▸ **What is needed**
Once the line containing "2022 Ford Ranger XLT Tremor photo 6" is reached in the listing below, reproduce it and all later lines through the final one exactly, but omit any pictures.

▸ **Source data**
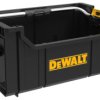 Skrzynka narzędziowa długość 277mm DeWALT Skrzynka narzędziowa 277 x 558 x 277mm kolor: Czarny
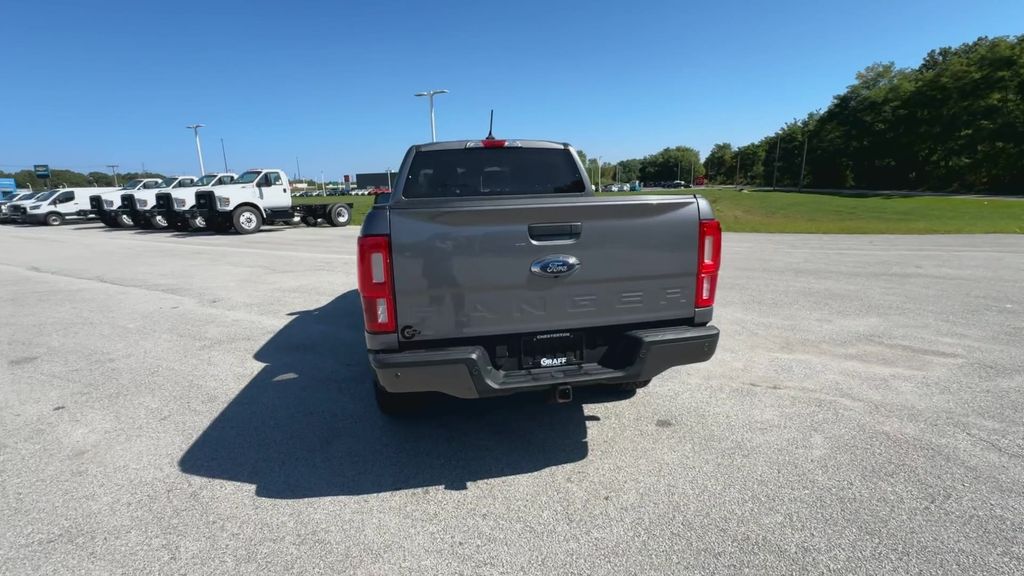 2022 Ford Ranger XLT Tremor photo 6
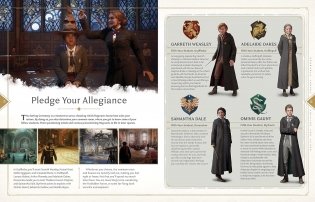 Harry Potter: Project Phoenix Companion Book фото книги 3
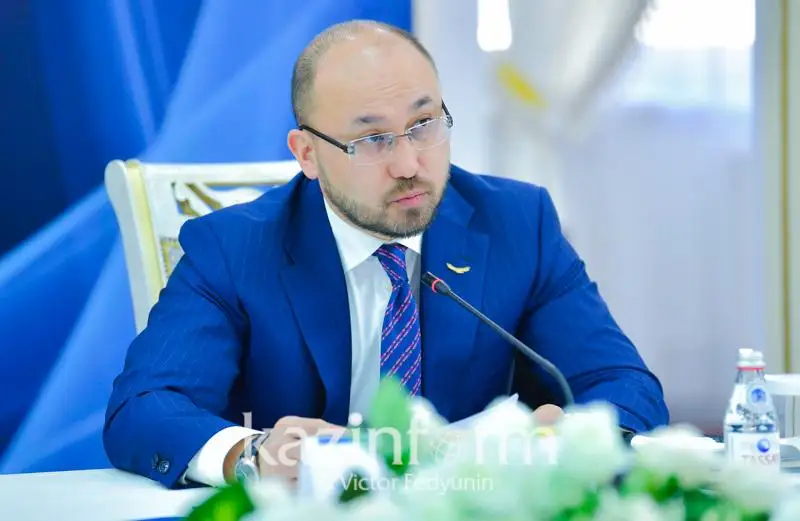 О социологическом эксперименте с КИСИ рассказал Даурен Абаев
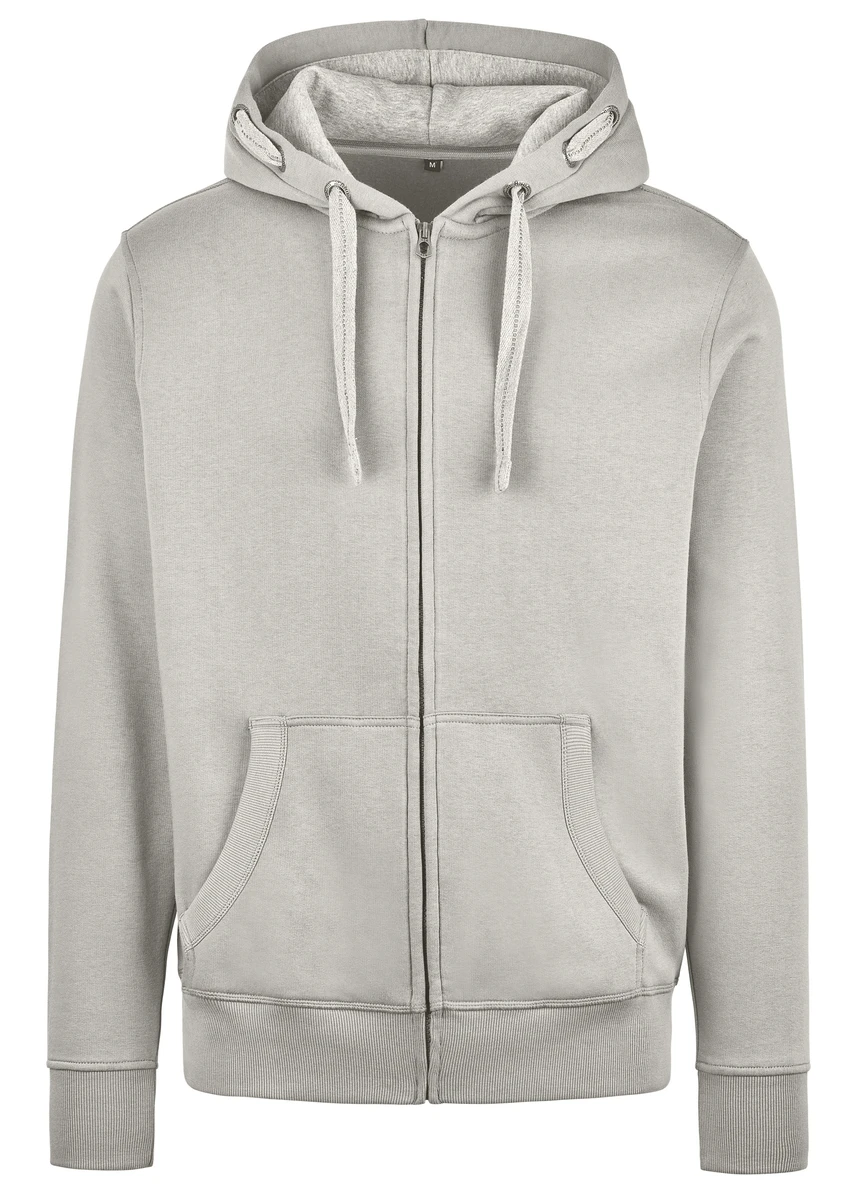 HRM Mens Hooded Jacket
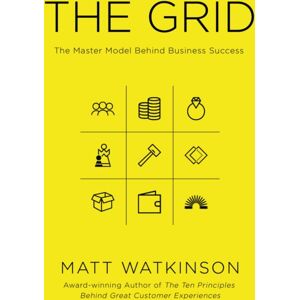 Cornerstone The Grid : The Master Model Behind Business Success Cornerstone The Grid : The Master Model Behind Business Success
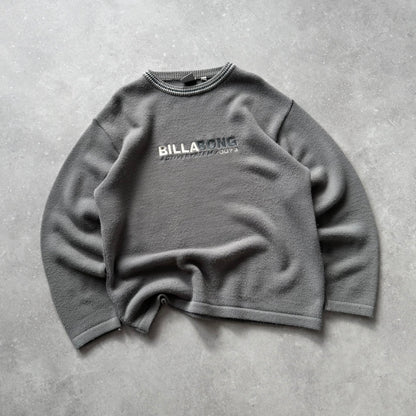 Vintage Billabong Knit Jumper (L)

▸ **Response to this task**
 2022 Ford Ranger XLT Tremor photo 6
 Harry Potter: Project Phoenix Companion Book фото книги 3
 О социологическом эксперименте с КИСИ рассказал Даурен Абаев
 HRM Mens Hooded Jacket
 Cornerstone The Grid : The Master Model Behind Business Success Cornerstone The Grid : The Master Model Behind Business Success
 Vintage Billabong Knit Jumper (L)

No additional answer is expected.